February marks Black History Month. Follow the AJC this month for a series of short stories and videos and people, places and events that played a significant role in the development of black people in America.
No. 3
Jefferson Long: Born March 3, 1836 to a slave mother in tiny Knoxville, Ga. Jefferson Long rose from a slave who taught himself to read to a successful Macon tailor to the first black man in Georgia to be elected to the state House of Representatives.
Long was in the first class of black elected officials who came to brief power during Reconstruction. When he was sworn in on Jan. 16, 1871, he was only the second African-American elected official in the country. He spent only three months in office (the shortest term by a black House member), but was the first African-American to speak on the House Floor, when he lobbied against the Amnesty Bill, which restored political rights to former Confederates.

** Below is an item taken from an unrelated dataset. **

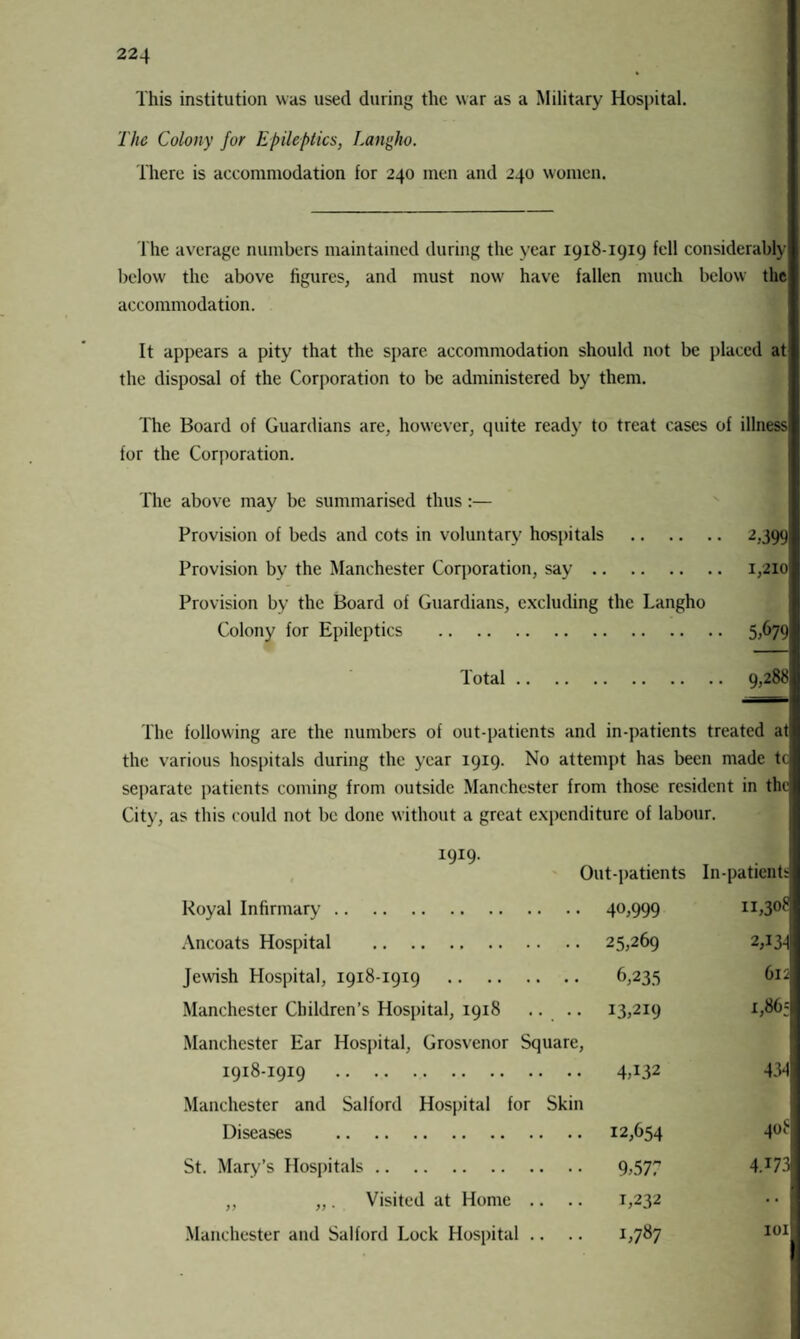 This institution was used during the war as a Military Hospital. The Colony for Epileptics, Langho. There is accommodation for 240 men and 240 women. The average numbers maintained during the year 1918-1919 fell considerably below the above figures, and must now have fallen much below the accommodation. It appears a pity that the spare accommodation should not be placed at the disposal of the Corporation to be administered by them. The Board of Guardians are, however, quite ready to treat cases of illness for the Corporation. The above may be summarised thus:— Provision of beds and cots in voluntary hospitals . 2,399 Provision by the Manchester Corporation, say. 1,210 Provision by the Board of Guardians, excluding the Langho Colony for Epileptics . 5,679 Total. 9,288 The following are the numbers of out-patients and in-patients treated at the various hospitals during the year 1919. No attempt has been made tc separate patients coming from outside Manchester from those resident in the City, as this could not be done without a great expenditure of labour. Kjig. Out-patients In-patients Royal Infirmary. 40,999 11,308 Ancoats Hospital . 25,269 2,13-1 Jewish Hospital, 1918-1919 . 6,235 612 Manchester Children’s Hospital, 1918 .. .. 13,219 1,86= Manchester Ear Hospital, Grosvenor Square, 1918-1919 . 4A32 43*1 Manchester and Salford Hospital for Skin Diseases . 12,654 408 1 St. Mary’s Hospitals. 9,577 4T73 ,, „. Visited at Home .. 1,232 Manchester and Salford Lock Hospital .. 1,787 101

According to the U.S. House of Representatives archives, Long pleaded with his colleagues to acknowledge the atrocities being committed by white supremacists in Georgia. “Do we, then, really propose here today, when loyal men dare not carry the ‘stars and stripes’ through our streets, to relieve from political disability the very men who have committed these Ku Klux outrages? I think that I am doing my duty to my constituents and my duty to my country when I vote against such a proposition.”
After Long was voted out of office, it would take a full century (Andrew Young in 1972) for Georgia to elect another black congressman. Today, Georgia has four, John Lewis, Hank Johnson, David Scott and Sanford Bishop. There has never been a black senator out of Georgia.